What to do
Only the lines below from the one that holds "thumbnail image 2" through the one that holds "FEGVE Clip para" should appear in the answer, copied exactly, end lines included and pictures omitted.

Records for this exercise
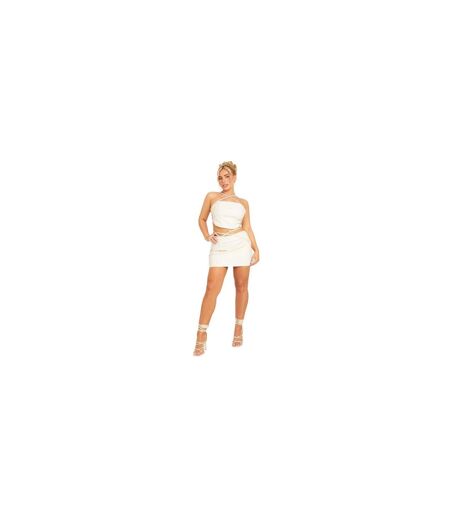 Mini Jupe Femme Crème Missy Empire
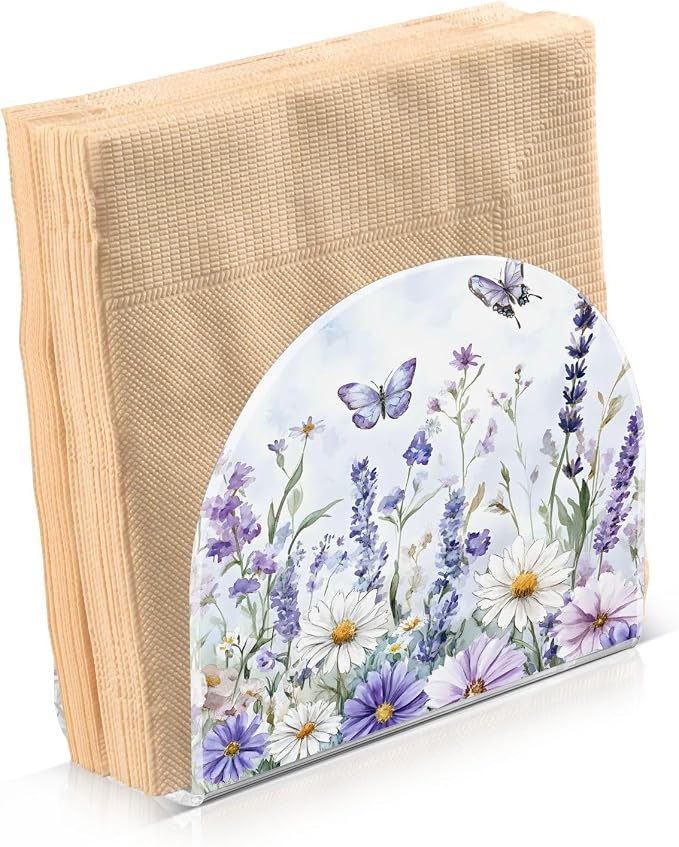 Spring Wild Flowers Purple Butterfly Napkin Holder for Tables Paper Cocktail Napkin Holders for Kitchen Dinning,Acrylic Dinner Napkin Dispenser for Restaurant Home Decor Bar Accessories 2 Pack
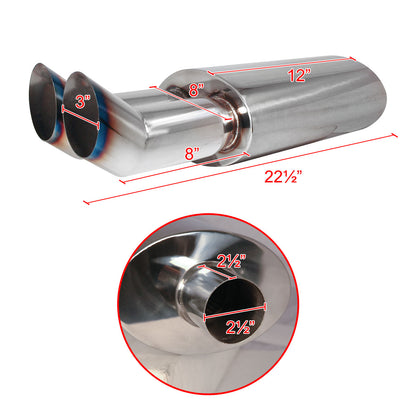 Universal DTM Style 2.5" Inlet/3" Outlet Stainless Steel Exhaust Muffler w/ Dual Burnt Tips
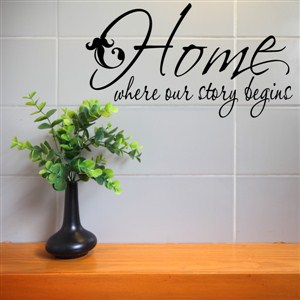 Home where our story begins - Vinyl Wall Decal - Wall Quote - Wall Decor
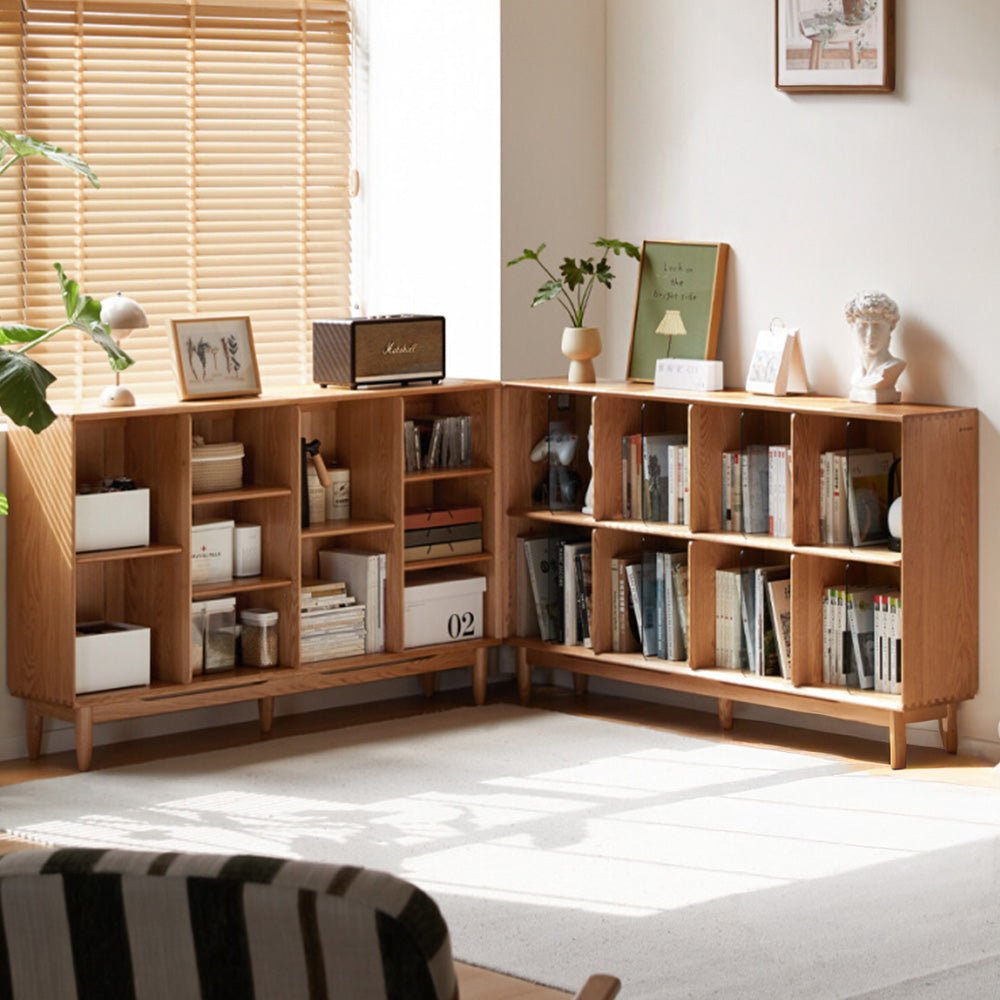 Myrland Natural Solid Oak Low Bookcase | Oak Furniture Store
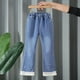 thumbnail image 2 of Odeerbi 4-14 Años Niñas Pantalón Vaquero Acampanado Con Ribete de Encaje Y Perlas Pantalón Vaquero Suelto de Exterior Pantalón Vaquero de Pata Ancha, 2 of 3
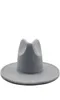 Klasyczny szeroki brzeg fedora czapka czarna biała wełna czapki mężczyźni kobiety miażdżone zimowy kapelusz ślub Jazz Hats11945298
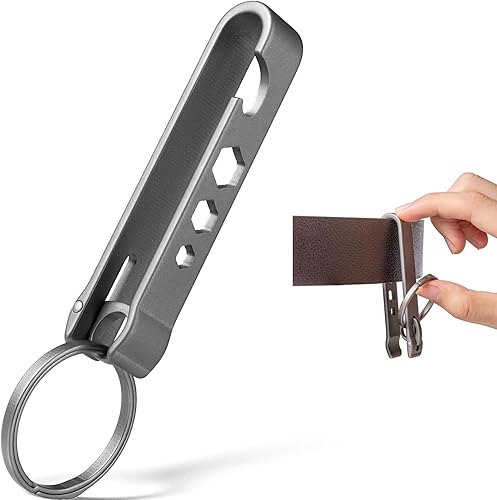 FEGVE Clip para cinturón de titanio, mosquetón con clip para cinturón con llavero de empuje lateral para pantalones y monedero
==
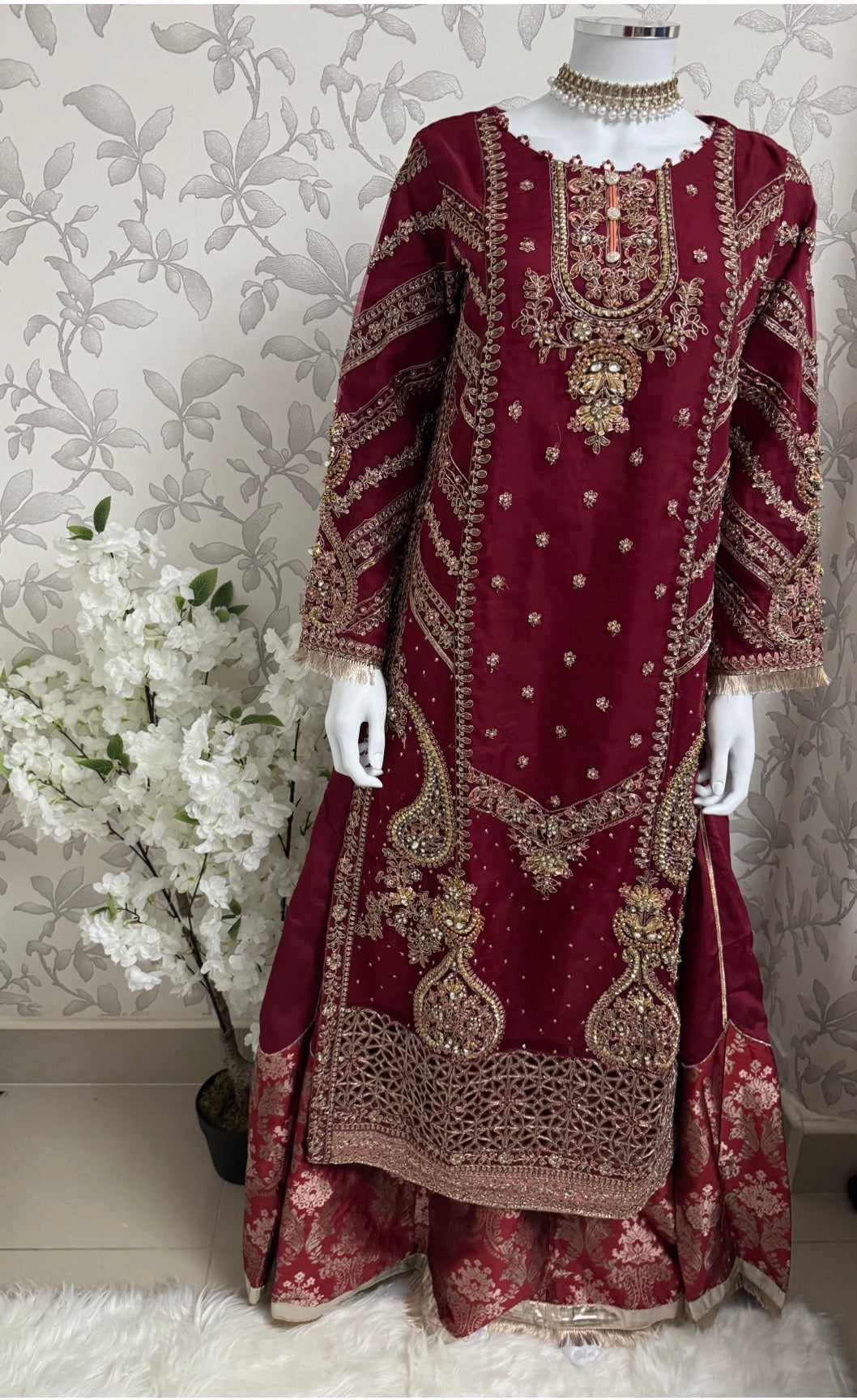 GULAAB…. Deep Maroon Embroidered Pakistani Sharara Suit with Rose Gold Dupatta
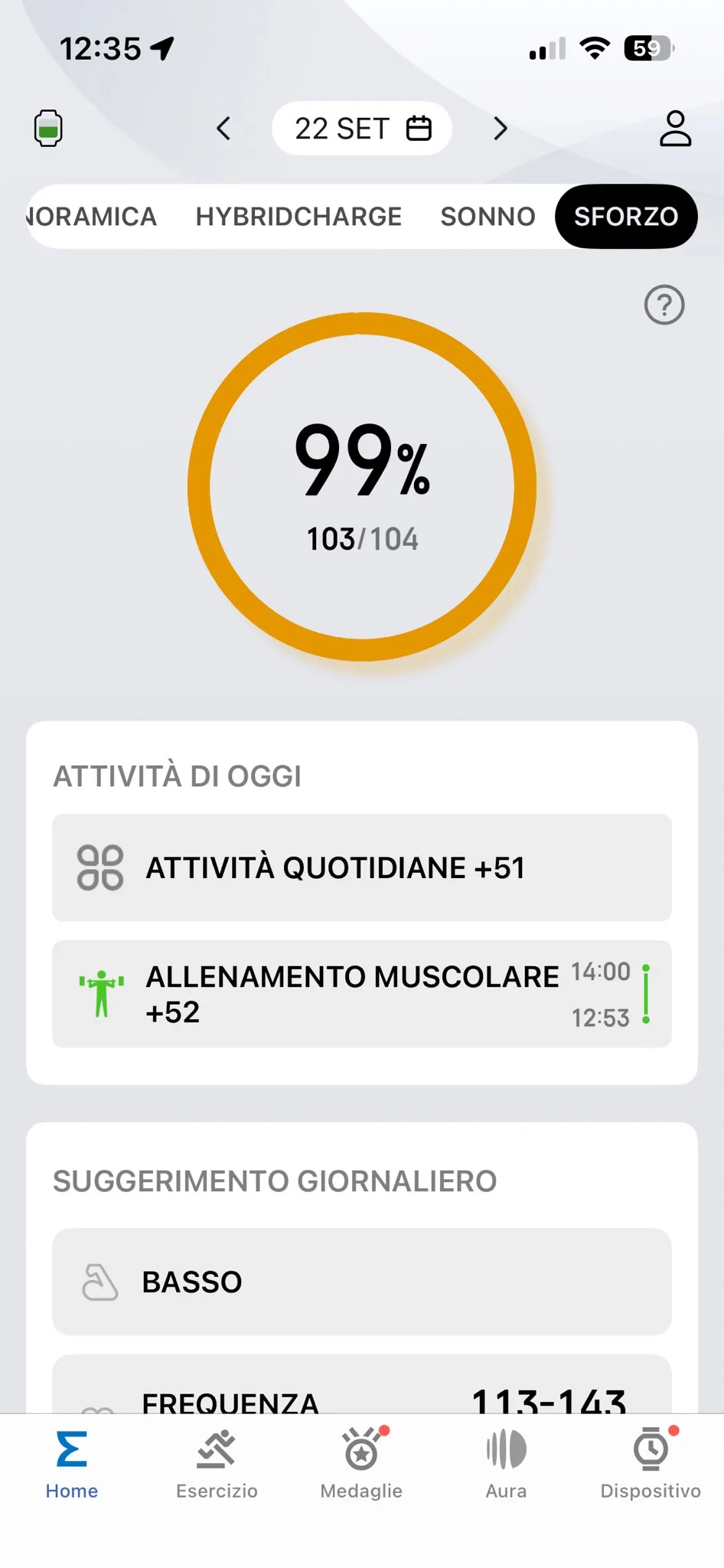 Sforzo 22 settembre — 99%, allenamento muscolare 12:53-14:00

Answer for the task
 thumbnail image 2 of Odeerbi 4-14 Años Niñas Pantalón Vaquero Acampanado Con Ribete de Encaje Y Perlas Pantalón Vaquero Suelto de Exterior Pantalón Vaquero de Pata Ancha, 2 of 3
 Klasyczny szeroki brzeg fedora czapka czarna biała wełna czapki mężczyźni kobiety miażdżone zimowy kapelusz ślub Jazz Hats11945298
 FEGVE Clip para cinturón de titanio, mosquetón con clip para cinturón con llavero de empuje lateral para pantalones y monedero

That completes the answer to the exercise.